> WORK REQUEST: For this exercise, copy the records below exactly and exclude every image.

Short web captions:
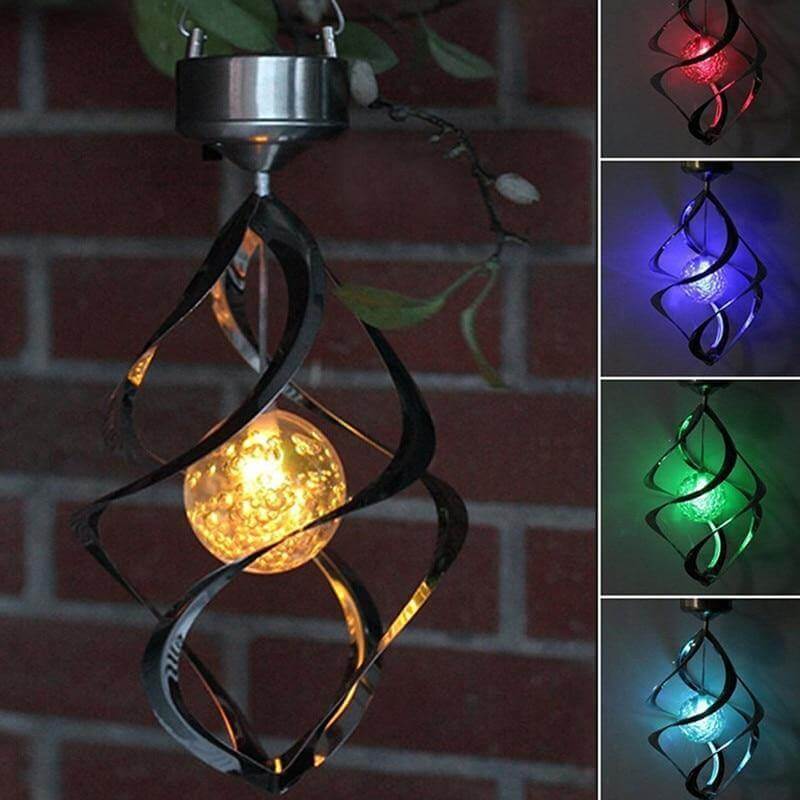 7-Colour Solar Changing LED Wind Chimes Light - MaviGadget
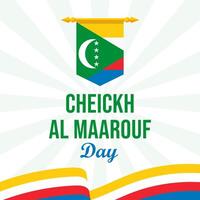Ceikh Al Maarouf day illustration background. Eps 10 vector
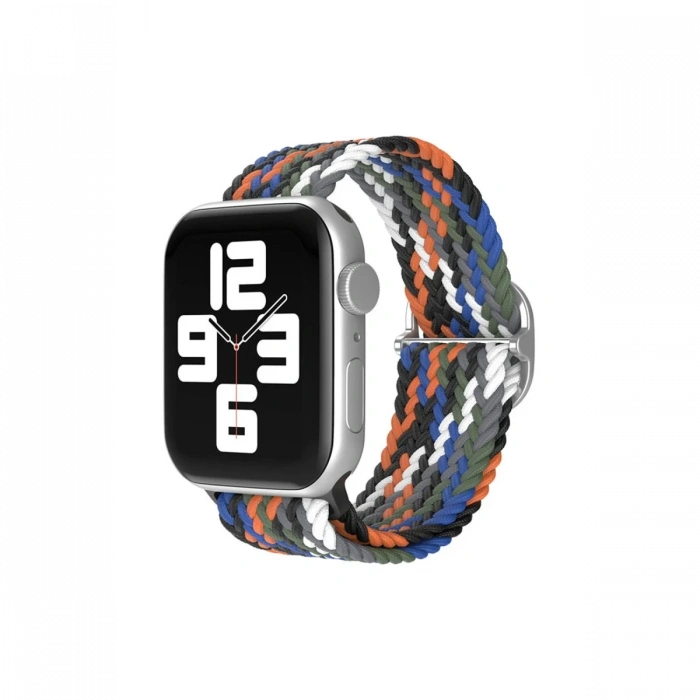 Newface Apple Watch 42mm Star Kordon - Gri-Turuncu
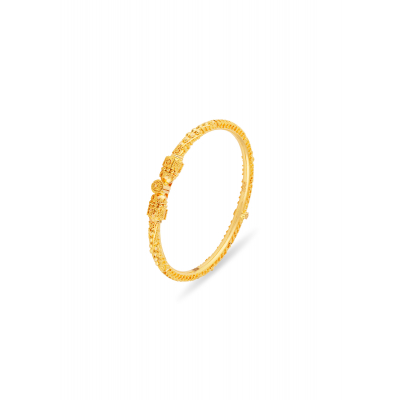Screw Style 22K Gold Baby Bangle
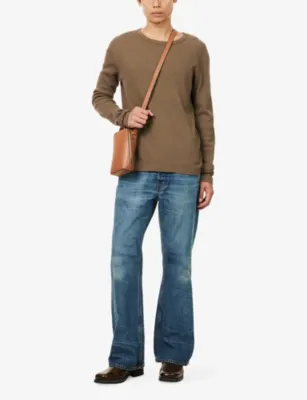 NUDIE JEANS Flared-Leg Glenn Denim Jeans - 38/32 in Lineage Tracks, additional product view 2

> RESPONSE:
 7-Colour Solar Changing LED Wind Chimes Light - MaviGadget
Ceikh Al Maarouf day illustration background. Eps 10 vector
 Newface Apple Watch 42mm Star Kordon - Gri-Turuncu
Screw Style 22K Gold Baby Bangle
 NUDIE JEANS Flared-Leg Glenn Denim Jeans - 38/32 in Lineage Tracks, additional product view 2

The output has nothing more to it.